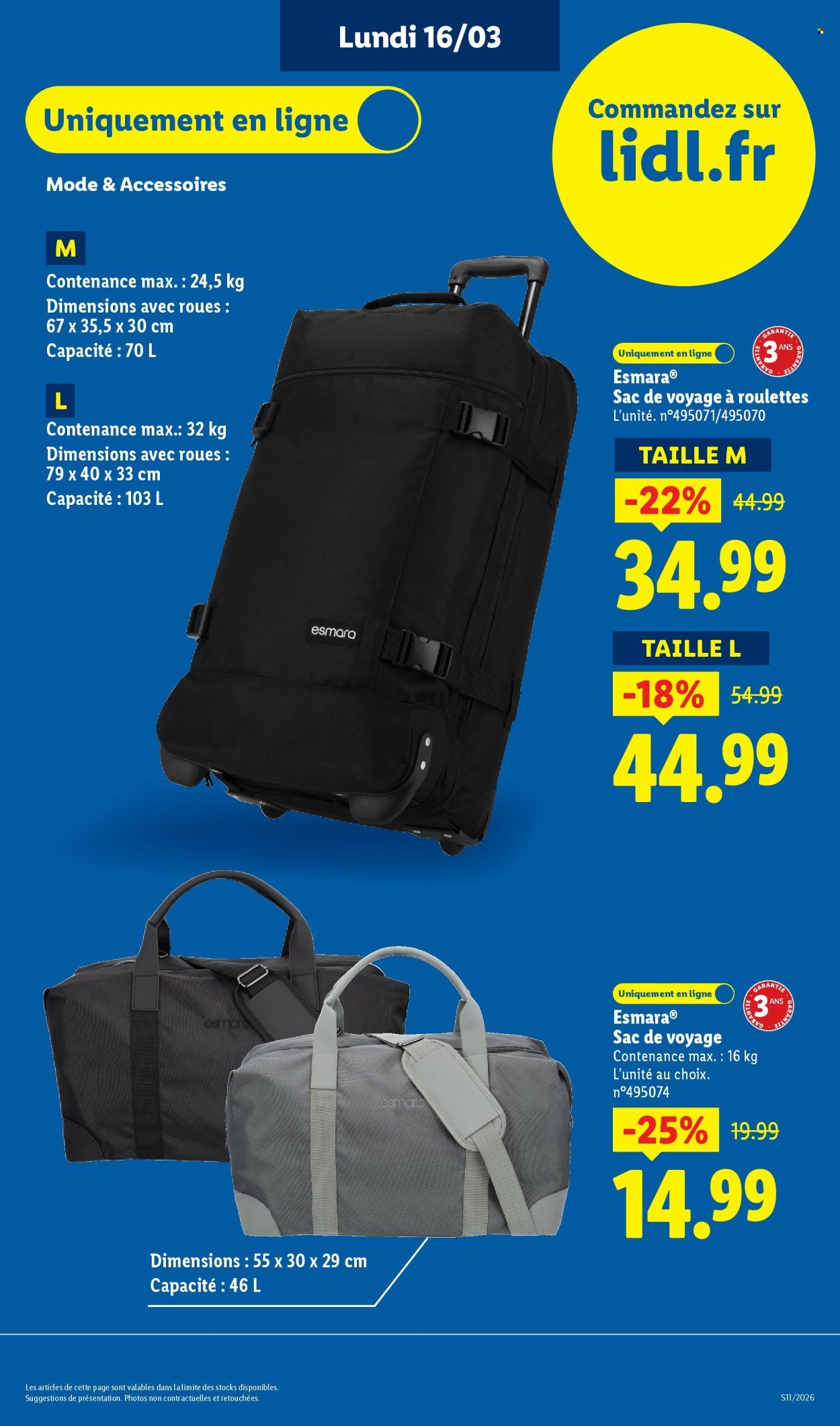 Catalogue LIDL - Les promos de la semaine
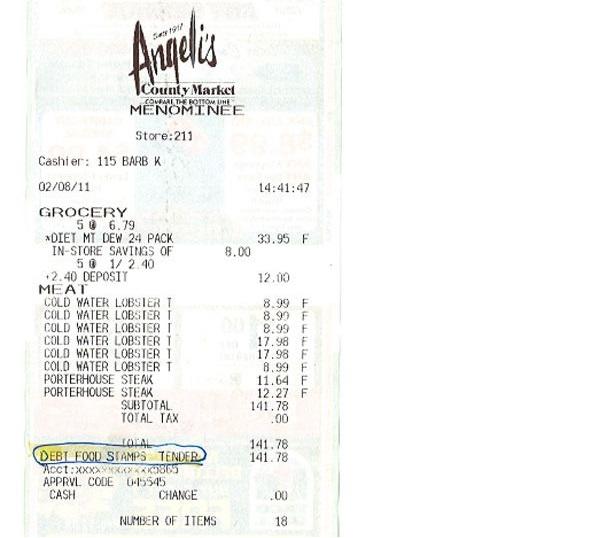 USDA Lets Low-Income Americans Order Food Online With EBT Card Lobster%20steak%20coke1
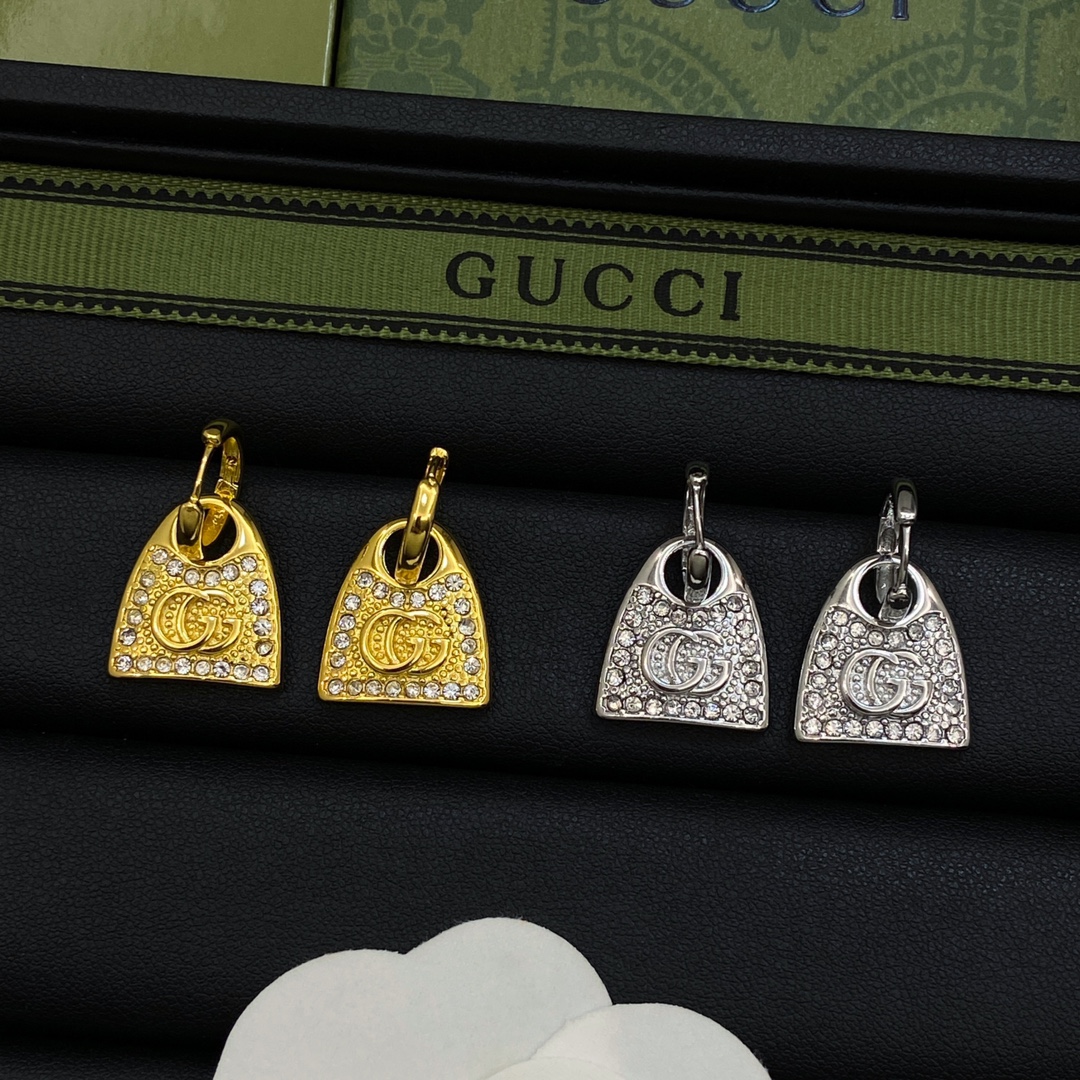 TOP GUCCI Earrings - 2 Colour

════════════════

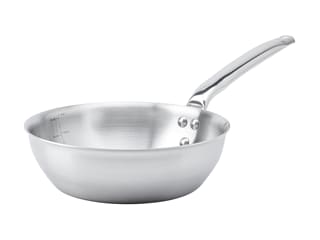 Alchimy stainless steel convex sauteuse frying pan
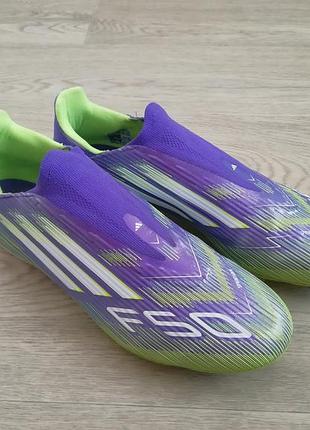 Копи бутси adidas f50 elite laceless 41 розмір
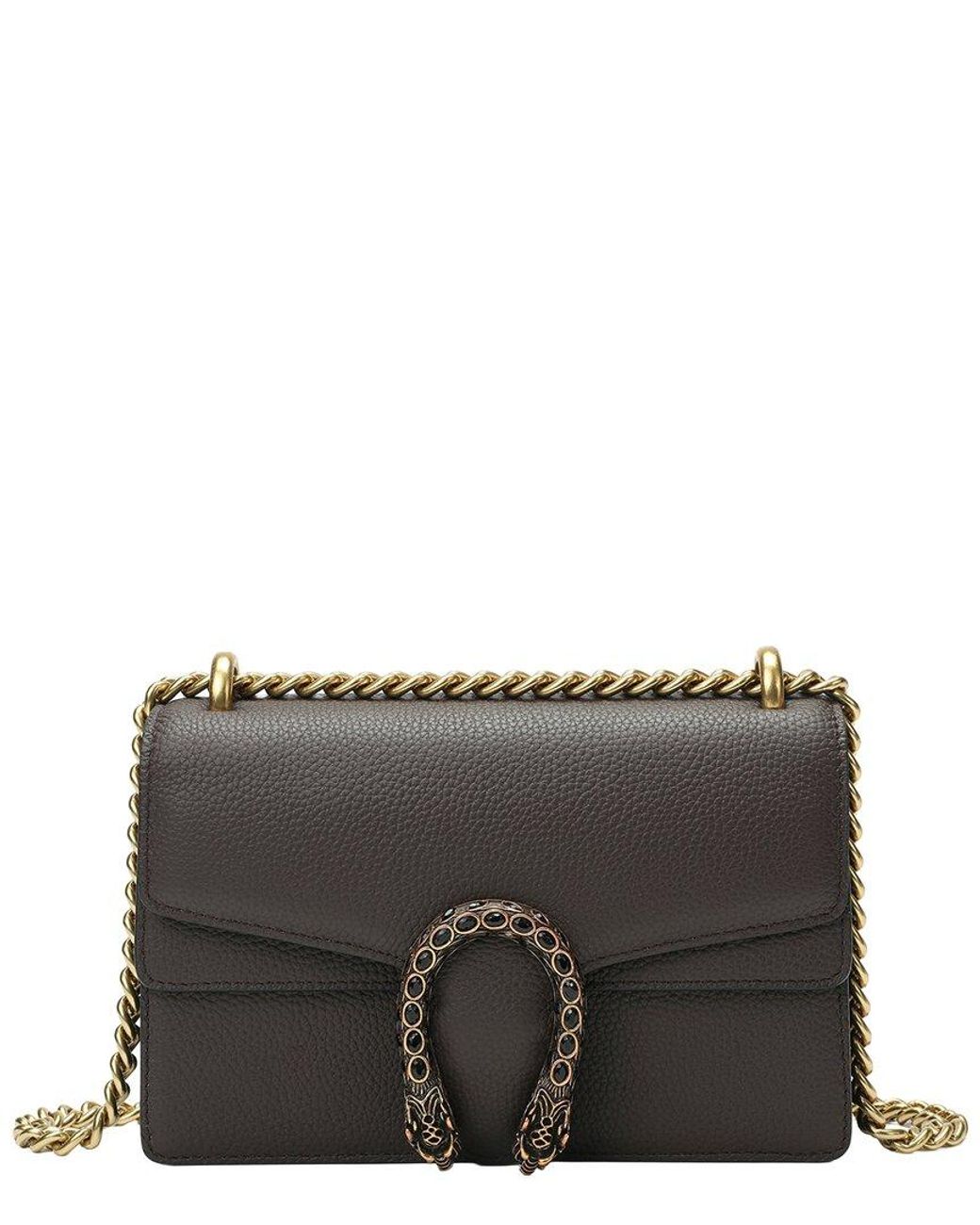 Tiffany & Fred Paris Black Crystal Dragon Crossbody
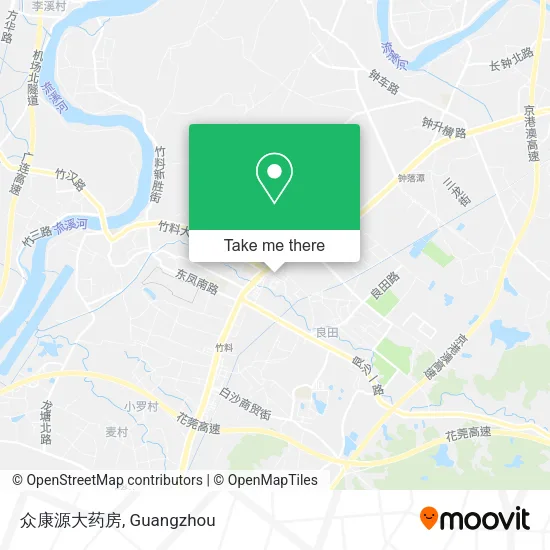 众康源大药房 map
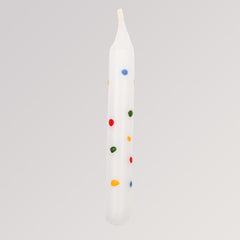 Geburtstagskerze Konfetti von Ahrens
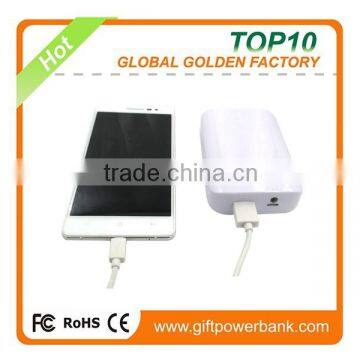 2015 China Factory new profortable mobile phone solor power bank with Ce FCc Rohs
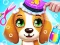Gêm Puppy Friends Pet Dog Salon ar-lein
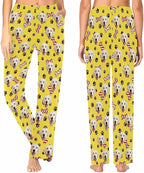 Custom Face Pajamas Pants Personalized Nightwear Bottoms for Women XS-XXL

════════════════

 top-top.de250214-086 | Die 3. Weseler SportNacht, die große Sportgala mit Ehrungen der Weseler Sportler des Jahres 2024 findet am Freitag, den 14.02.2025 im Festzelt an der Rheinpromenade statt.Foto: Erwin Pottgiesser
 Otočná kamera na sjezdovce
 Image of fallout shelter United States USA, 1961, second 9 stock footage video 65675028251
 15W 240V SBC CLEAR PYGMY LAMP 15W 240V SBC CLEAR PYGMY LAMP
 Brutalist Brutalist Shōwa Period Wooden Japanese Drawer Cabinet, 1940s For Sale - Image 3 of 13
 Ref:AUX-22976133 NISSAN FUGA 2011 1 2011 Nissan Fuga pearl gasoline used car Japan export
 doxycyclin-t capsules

════════════════

_WHAT IS BEING ASKED_: From the records above, transcribe exactly the run of lines that opens with the line holding "top-top.de250214-086 | Die" and closes with the line holding "doxycyclin-t capsules", both included.

_EXERCISE OUTPUT_:
 top-top.de250214-086 | Die 3. Weseler SportNacht, die große Sportgala mit Ehrungen der Weseler Sportler des Jahres 2024 findet am Freitag, den 14.02.2025 im Festzelt an der Rheinpromenade statt.Foto: Erwin Pottgiesser
 Otočná kamera na sjezdovce
 Image of fallout shelter United States USA, 1961, second 9 stock footage video 65675028251
 15W 240V SBC CLEAR PYGMY LAMP 15W 240V SBC CLEAR PYGMY LAMP
 Brutalist Brutalist Shōwa Period Wooden Japanese Drawer Cabinet, 1940s For Sale - Image 3 of 13
 Ref:AUX-22976133 NISSAN FUGA 2011 1 2011 Nissan Fuga pearl gasoline used car Japan export
 doxycyclin-t capsules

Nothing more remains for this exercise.